Wat zou ik ontzettend graag eens een mooie hike willen maken.
Nieuwe bergschoenen aan, die ik zeven jaar terug heb gekregen als verjaardagscadeau maar nooit heb ingelopen, en van hut naar hut trekken. Scandinavië staat hoog op mijn verlanglijstje. Maar hebben we voor Georgië gekozen, ook een prachtig land. Een rondreis en in mijn scootmobiel nogal een uitdaging. Zo bleek. Wist ik natuurlijk wel. En toch gaan we het doen. Kind mee, scootmobiel mee en op groot avontuur.
Ik heb rolstoel assistentie aangevraagd op het vliegveld van Tbilisi. Na de Schiphol gekte, wat ongeveer het enige echte voordeel is als je in een rolstoel zit, en na een zeer oncomfortabele vlucht word ik inderdaad opgewacht door een robuuste Georgiër met rolstoel. Hij brengt ons naar de bagageband waar de koffers rondjes maken maar die van ons nog niet te zien zijn. Volgens de beste man moet mijn scootmobiel ook langskomen op de loopband. Plots krijgt hij een telefoontje via de porto: “sorry I need to go.” Hij trekt de rolstoel (letterlijk) onder mijn billen vandaan. En weg is ie. Ik ga maar op de grond zitten. Rosie heeft met haar handjes de band ongeveer schoongeveegd, want haar handen zijn nu zwart. Even naar de wc gaat nu niet. Dus alles zit onder de zwarte vegen haha.

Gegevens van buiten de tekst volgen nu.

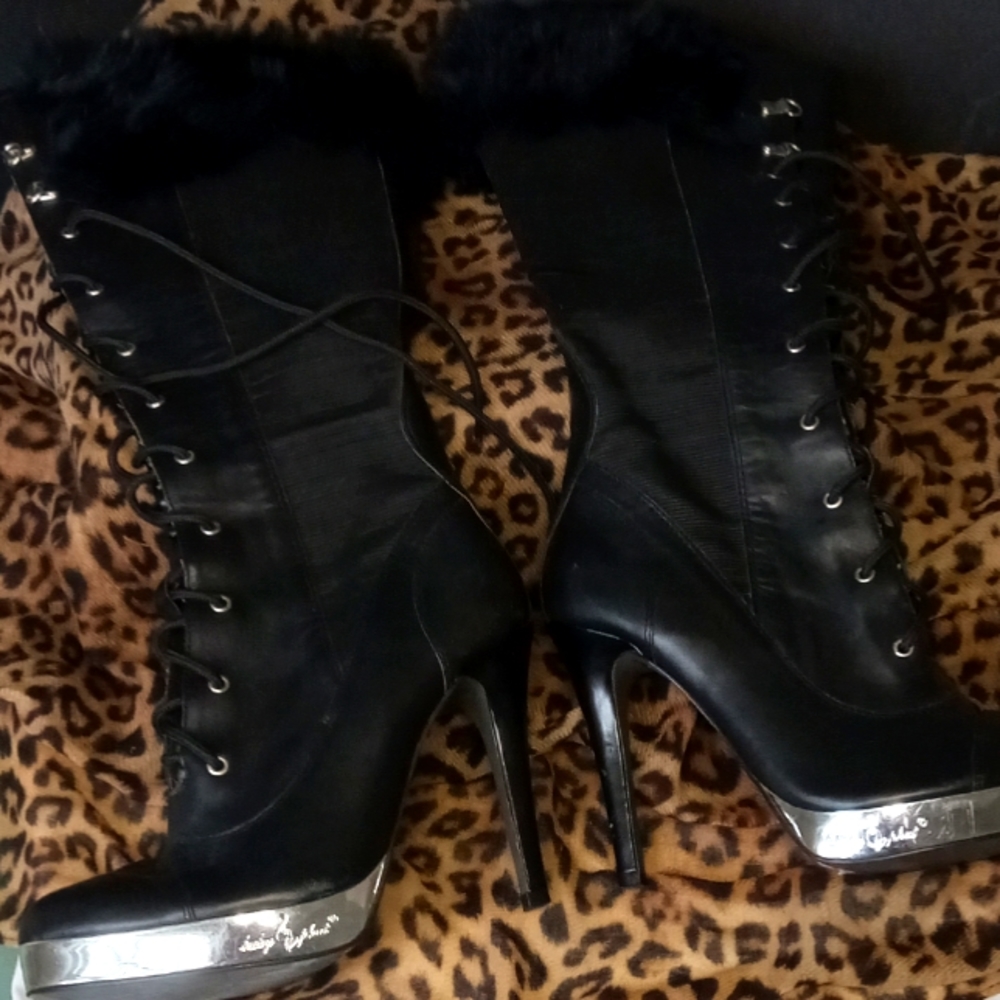 Women's Baby Phat long leather & fur high heel boots color black & silver size 7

Mijn scootmobiel is uiteindelijk gevonden en we komen bij het hotel aan. Wat rolstoeltoegankelijk is, maar waar ik met geen mogelijkheid in kan komen met mijn scootmobiel. Bovenop een gigantisch stijle berg waar ik alleen zigzaggend op kom is er maar een piepkleine ‘ramp’ gebouwd. Voor de rest alleen maar trappen. Ook de lift naar de kamer kom ik alleen met 18 in- en uitsteken uit. Ik zucht, nou dat belooft wat deze vakantie.
Na een paar dagen vertrekken we naar Kasbegi. Een prachtig bergdorp middenin de Caucasus. We nemen de huurauto naar de hoogste top. Fitte, sterke mensen in the North face en Wolfskin jacks lopen met wandelstokken fier langs mij heen. Jaaa hiken! Dat wil ik ook! Al is het heel even dat gevoel te voelen.

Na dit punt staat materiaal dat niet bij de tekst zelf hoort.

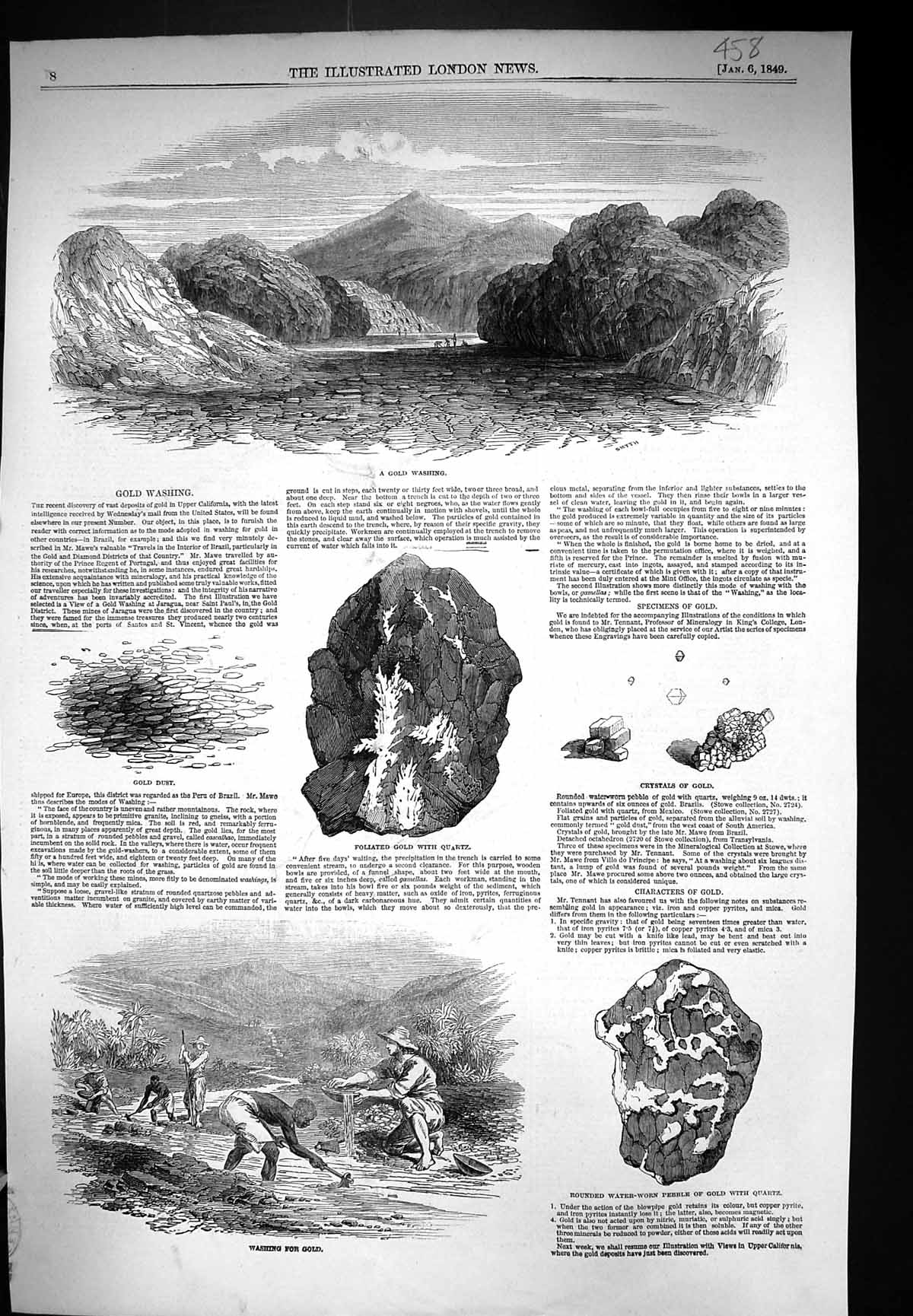 Antique Print 1849 GMining Washing Water-Worn Pebble Quartz Crystals Dust A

Ik zie een stukje verderop, wat vanaf mijn afstand lijkt als een heel egaal aflopend grasveld, en rijd er als een gek op af. Rosie is in een slechte bui en klaagt over dat ze niet wilt wandelen vandaag. Terwijl ik met al mijn vreugde nu niets liever doe dan mijn droom verwezenlijken, al dan niet in mijn scootmobiel. Ik hobbel over een taluut en nog één en nog één totdat ik middenin dat hobbelige grasveld strand. Rosie is ergens eerder gestruikeld en ligt mokkend bloemetje te plukken. Ik schreeuw het uit: “Gotsamme!!!!”
Het voelt fijn. Midden in dat imposante vergezicht keihard te schreeuwen en te vloeken. “IK WIL OOK HIKEN” roep ik tegen de bergen, in de hoop dat zij er iets aan kunnen doen. Dan komt mijn vriend als de kalmheid zelve aangelopen: “Hmm dacht je echt dat je over dat veld kon rijden schatje?” Lachend plukt hij mij en Rosie van het grasveld. “Zo, zullen we lekker teruggaan naar het hotel?” Ik besluit dat ik thuis maar een mooie film over bergbeklimmers ga bekijken.
Maar stiekem ben ik best trots, ik ben er toch maar mooi geweest in Georgië.